MapYourTech · InDepth Series
Noise in Optical Systems
Every noise mechanism that bounds an optical link — ASE, nonlinear interference, stimulated Raman scattering, shot, and thermal — with the OSNR and GSNR math, the mitigation toolkit, and four calculators.
Introduction
Noise is the random fluctuation in optical power, phase, and polarization that competes with the signal and decides how far and how fast a link can run. It comes from the quantum nature of light, the spontaneous emission inside amplifiers, the thermal motion of electrons in the receiver, and the Kerr nonlinearity of the fiber. The metric that ties them together is the optical signal-to-noise ratio (OSNR) and, once nonlinearity matters, the generalized SNR (GSNR). This guide builds each mechanism from physics, gives the math that turns it into a reach number, surveys the mitigation toolkit from low-noise amplifiers to probabilistic shaping, and provides four calculators to run the budget.
The cocktail-party picture: a voice across a noisy room competes with background chatter, and as you step back the voice fades while the chatter holds steady.
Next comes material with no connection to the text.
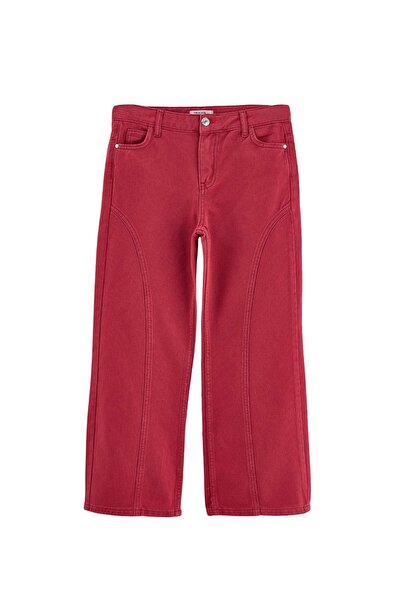 TRENDYOLKIDS Burgundy Girls' Wide Leg Jeans Tkdaw27Je00003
An optical signal is the same — distance weakens it while each amplifier adds noise — until error correction or regeneration is the only way through.
1. Fundamentals and Core Concepts
OSNR is the ratio of average signal power to noise power in a reference bandwidth, conventionally 0.1 nm (about 12.5 GHz). It sets the achievable bit error rate, and through Shannon's theorem it bounds capacity. The four origins:
The economic stake: noise sets reach, rate, and spectral efficiency directly. A noise-limited route needs more regeneration sites, higher transmit power, premium components, and heavier DSP — every one a line on the capital and operating budget.
2. Mathematical Framework
OSNR
OSNR (dB) = 10·log₁₀(Psignal / (PSDnoise × Bref))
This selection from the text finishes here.